- **Exercise description**:
Please print the line that holds "vidaXL Nappali ágykeret" and each line after it to the end of the data, word for word, without any pictures.

- **Dataset excerpt**:
+++

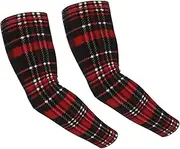 [FHEDVBN] Red and black plaid Arm Sleeves Compression Arm Covers for Men Women Outdoor Sun Sleeves Cooling Sports Sleeve, Black
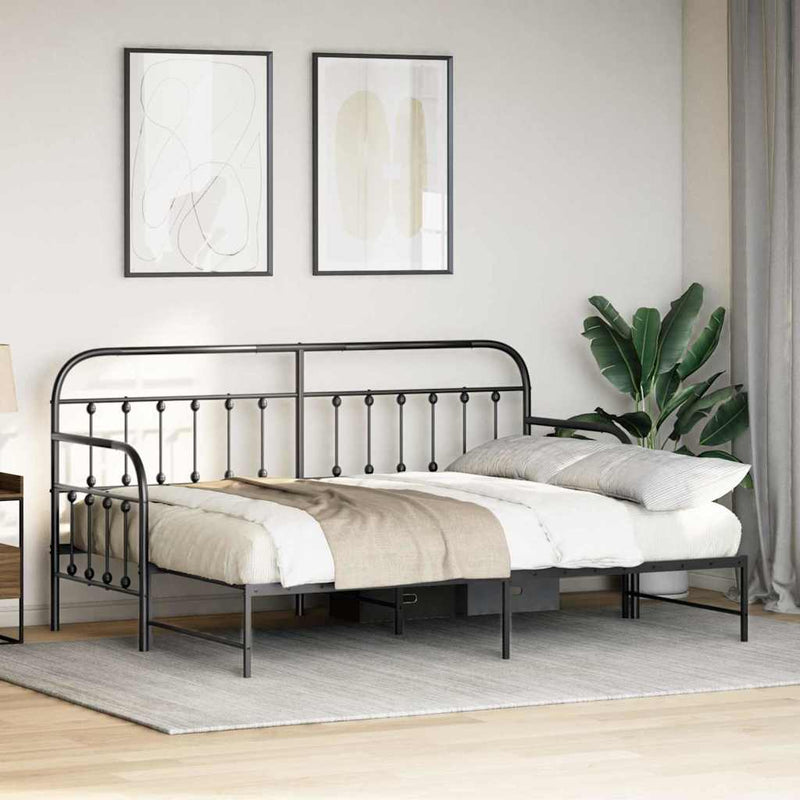 vidaXL Nappali ágykeret fejtámlával Fekete 80 x 200 cm Acél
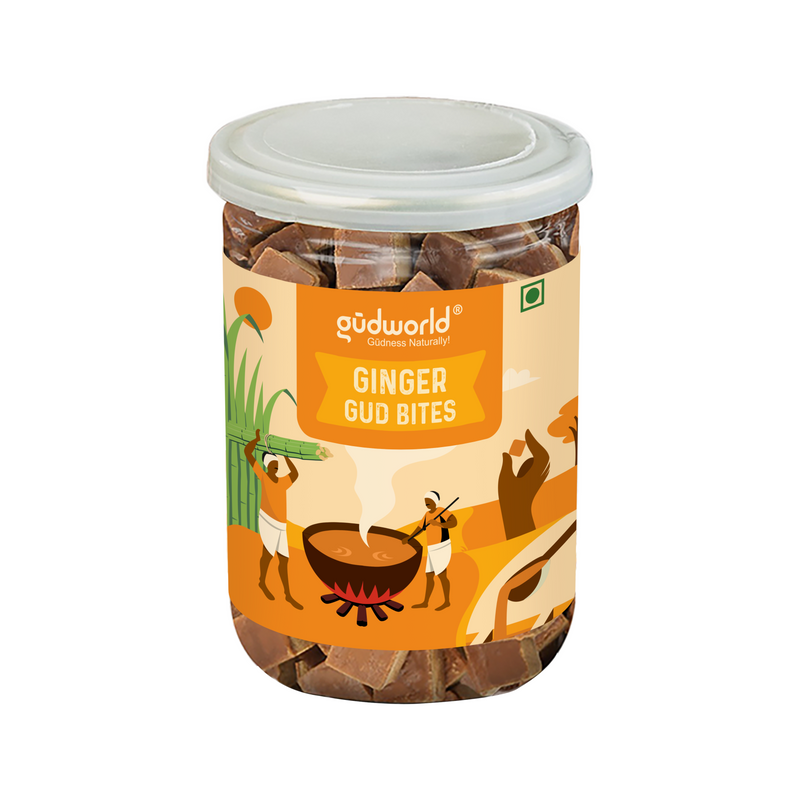 Gudworld Ginger Jaggery Bites – Spiced Cane Sugar Candy (10.58 oz)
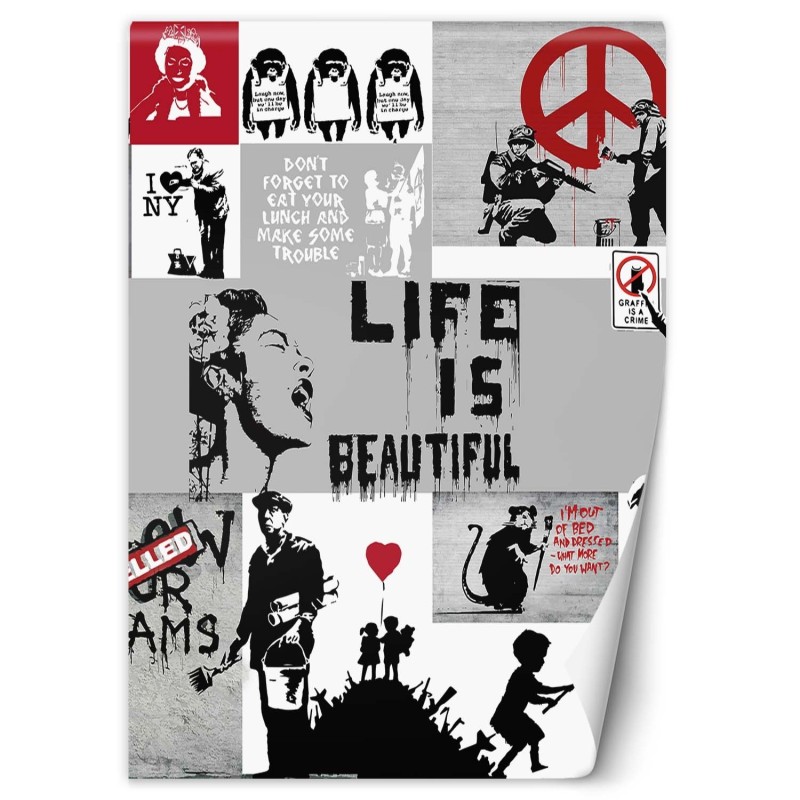 Moderne Fototapete - Banksy-Collage | Feeby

+++

- **Task response**:
 vidaXL Nappali ágykeret fejtámlával Fekete 80 x 200 cm Acél
 Gudworld Ginger Jaggery Bites – Spiced Cane Sugar Candy (10.58 oz)
 Moderne Fototapete - Banksy-Collage | Feeby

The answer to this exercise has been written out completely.